Supposing A is finite abelian with #A = $N^r$ and for every $d | n$ we know #$A[D] = D^r$, with $A[D]$ the subgroup with all elements of order $D$. How do you prove that $A \simeq Z_N^r$ ?
I undestand that the structure theorem for finite abelian groups is required, but how can it be applied to solve the problem? As I'm an undergraduate student, a simple explanation would help me a lot.
On
Fundamental theorem of finite abelian groups $$ N = \prod_p p^{n_p}, \qquad A \cong \prod_p A[p^\infty], \qquad A[p^\infty] \cong \prod_{i=1}^{j_p} \Bbb{Z/p^{e_{p,i}}Z}$$
Note $\# A[p] =p^r$ tell us that $j_p = r$.

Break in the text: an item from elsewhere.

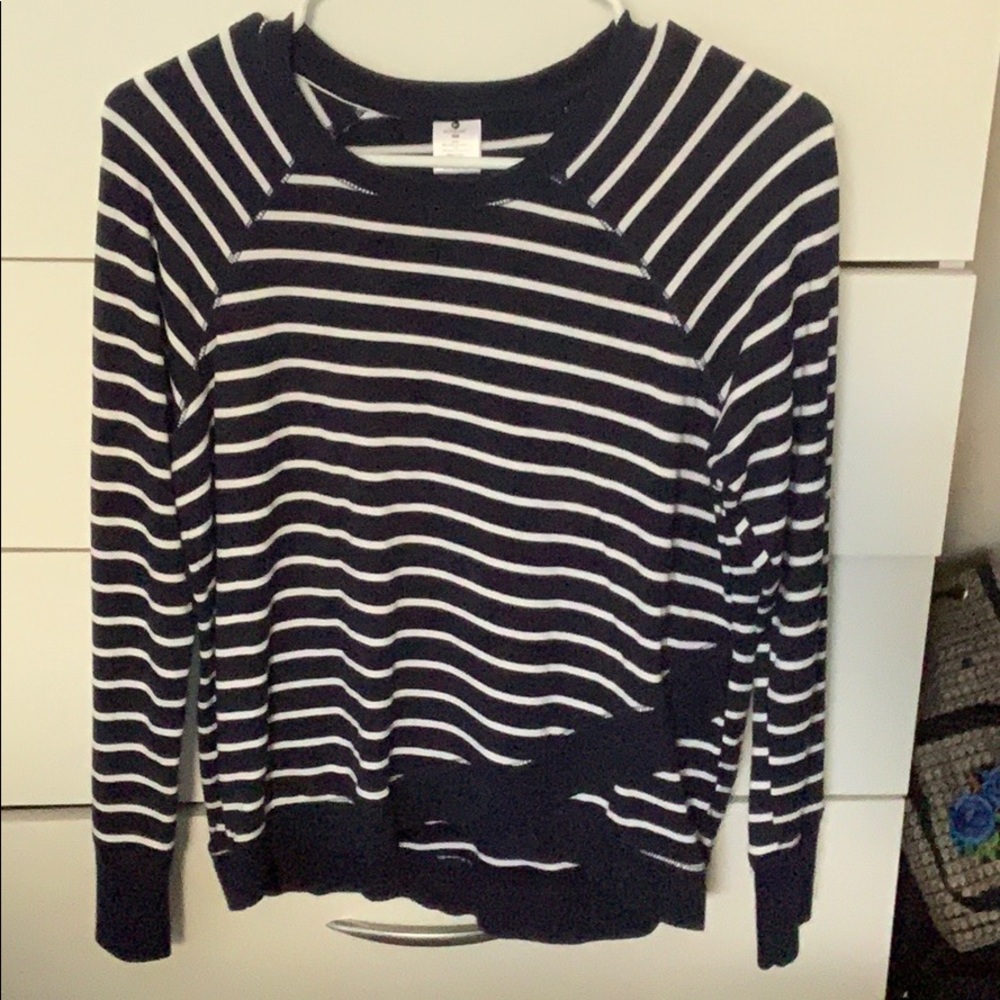 Athletic Pull Over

So the number of elements whose order divides $p^k$ is $$\# A[p^k] = \prod_{i=1}^r p^{\min(k,e_{p,i})}$$
We are told that $\# A[p^{n_p}] = p^{rn_p}$ thus $e_{p,i} \ge n_p$ and since $\#A[p^\infty] = p^{rn_p}$ then $e_{p,i} = n_p$ and $$A[p^\infty] \cong (\Bbb{Z/p^{n_p}Z})^r, \qquad A \cong \prod_p (\Bbb{Z/p^{n_p}Z})^r \cong (\Bbb{Z}/ N \Bbb{Z})^r$$
First, show that it suffices to prove the result for $p$-primary components, for each prime $p|N$. That is, it suffices to show that under your conditions, $A[p^n] \cong (\mathbb{Z}/p^n\mathbb{Z})^r$ for every $p|N$, where $p^n||N$.
Then, look at $p$-primary components and see what it is possible, and what is not. For example, suppose $\# A = (p^2)^2$ and $\#A[p]=p^2$, and $\#A[p^2]=p^4$. Since $A$ is abelian and has size $p^4$, there are only a few possibilities: $$\mathbb{Z}/p^4\mathbb{Z},\ \text{ or }\ \mathbb{Z}/p^3\mathbb{Z} \times \mathbb{Z}/p\mathbb{Z},\ \text{ or } \ \mathbb{Z}/p^2\mathbb{Z}\times \mathbb{Z}/p^2\mathbb{Z}.$$ What possibility satisfies the hypotheses and why? That should give you the clue about how to finish the proof. (Hint: count elements of order $p$ in each case.)